July 09, 2016

Trust, Innocence, and Bias

Back when I was reporting on elections within Islas, a group of students who gathered online and, on rare occasions, in person, I wrote outrageous stories documenting the votes as they came in, the candidates and the differences between their vote counts, and typically inserted a claim of a complete lack of bias somewhere along the way.

The mainstream media makes no such overt claim, and my contention is that they know they're biased and that they couldn't reasonably claim otherwise and expect people to believe them.

Maybe the day is coming when they will and can make that claim and be believed.

But I'm talking about today.

As of today, there have been two recent, high-profile incidents wherein a black man was killed by a police officer.

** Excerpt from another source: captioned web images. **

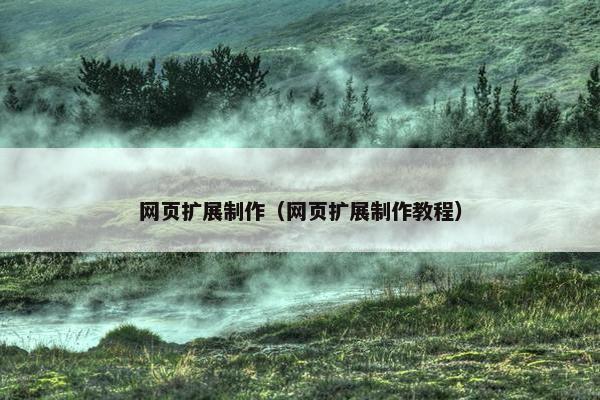 网页扩展制作（网页扩展制作教程）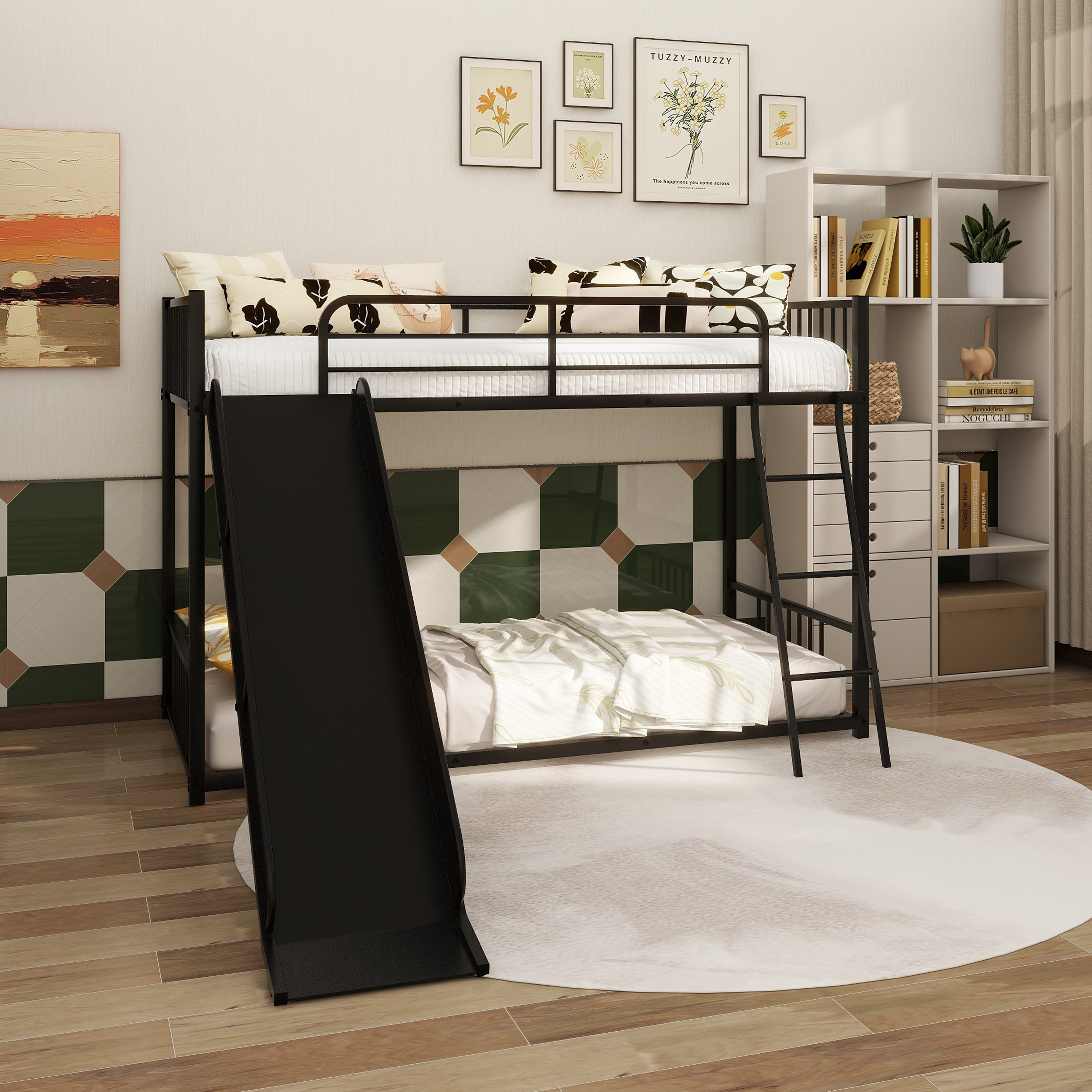 Isabelle & Max™ Metal Bunk Bed With Slide, Twin Over Twin | Wayfair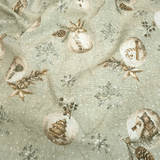 Tessuto Arredo Jacquard H 140 cm - PALLINE DI NATALE/VERDE con Lurex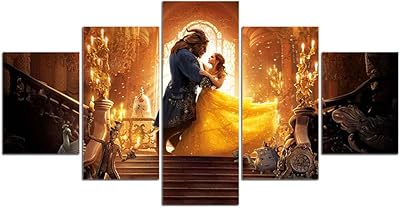 Baojian 5 pièces peintures sur toile imprimées hd la belle et la bête photos décoration de la maison peintures sur toile art mural. Diaytar : Connectez-vous aux meilleures offres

Now, the guilt of the officers is not mine to judge; ultimately, their guilt may not even be accurately determined by investigation and the minds of attorneys and judges.

What I'm here to write about, and what I believe is a despicable and manipulative evil, is the bias the media shows concerning the character of the victims in these incidents.

From heavy.com: "Philando Castile: 5 Fast Facts You Need to Know"

1. He Was a Beloved School Cafeteria Worker Who Snuck Extra Graham Crackers to Children 
2. He Was a Straight-A Student in High School & Had Only a Minor Criminal Record 
3. He Frequently Posted About Social Justice Causes, & His Sister Posted About Alton Sterling Just Hours Before Castile’s Death 
4. Castile Had a Concealed Carry Permit, According to His Girlfriend, & Informed the Officer That He Was Armed 
5. Protests Erupted in the Wake of the Shooting, & the Governor Called for a Federal Investigation
So Castile was an innocent, unassuming, and ordinary individual with a "minor" criminal record? (other sites are spreading modified lists which claim he had "no criminal record,")

And allegedly he was pulled over and shot exclusively because of the color of his skin?

The fact is, Castile had been pulled over, charged, convicted, and sentenced for dozens of traffic offenses.

In addition, according to police radios, Castile was a suspect in an armed robbery no more than one day prior to his death.

In a recording submitted by a "KARE11 viewer" which seems to contain the officers' transmissions during the incident, one of the officers stated on the radio that he thought Castile matched the description of one of the perpetrators of an armed robbery the previous day.

If one were to watch any one story on the major news stations on the subject, one might believe that both Alton Sterling and Philando Castile were law-abiding, normal, ordinary, average citizens like you and I. You might believe, following such a report, that these men were, indeed, individually targeted exclusively because of their race.

In both cases, this is at best misleading, and more likely a bald-faced lie which slowly but surely erodes the trust between citizens (particularly black Americans) and police officers.

I cannot emphasize enough how much this troubles me. I believe it to be a true evil to report as truth that Philando Castile and Alton Sterling were upstanding, good-natured, ordinary people.

The fact is that neither of them were like you or I. Most of my readers are most likely not sex offenders, and most of my readers have most likely never robbed a convenience store at gunpoint. Most of my readers haven't brandished an illegal gun in a parking lot and said, "I told you to leave me alone," when a homeless person persists in asking for money.

What's my point? My point is definitely not that Castile or Sterling deserved to die. The fact that they were criminals, or had committed crimes in the past, has no bearing on whether a police officer should shoot them during a traffic stop or even an arrest.

My point is that the media's obsessive empathy with the victims of these horrific tragedies turns a blind eye to the fact that many of these victims aren't innocent and law-abiding citizens. Certainly before the incidents they were criminal in their actions, and in both cases it seems they were actively disobeying the law; Castile a suspect in an armed robbery, Sterling illegally carrying a firearm.

This speaks nothing to the immeasurable importance of being calm, collected, and cooperative with police officers during any and all encounters with them. I believe neither Sterling nor Castile were any of these things, as in both cases they had reason at the very least to be defensive and unhelpful, and at worst, to fear the just eye of the law.

I must reiterate what I said before, because I believe it is simply a matter of life and death, in particular to black Americans.

If the mainstream media continues to profess the victims of these incidents as not only ordinary, kind people, but also truly innocent of any and all wrongdoing, the trust between black people and cops will disintegrate and eventually be utterly lost.

A deficit of trust between cops and citizens is immeasurably perilous. As this trust erodes, our servant protectors are rendered impotent.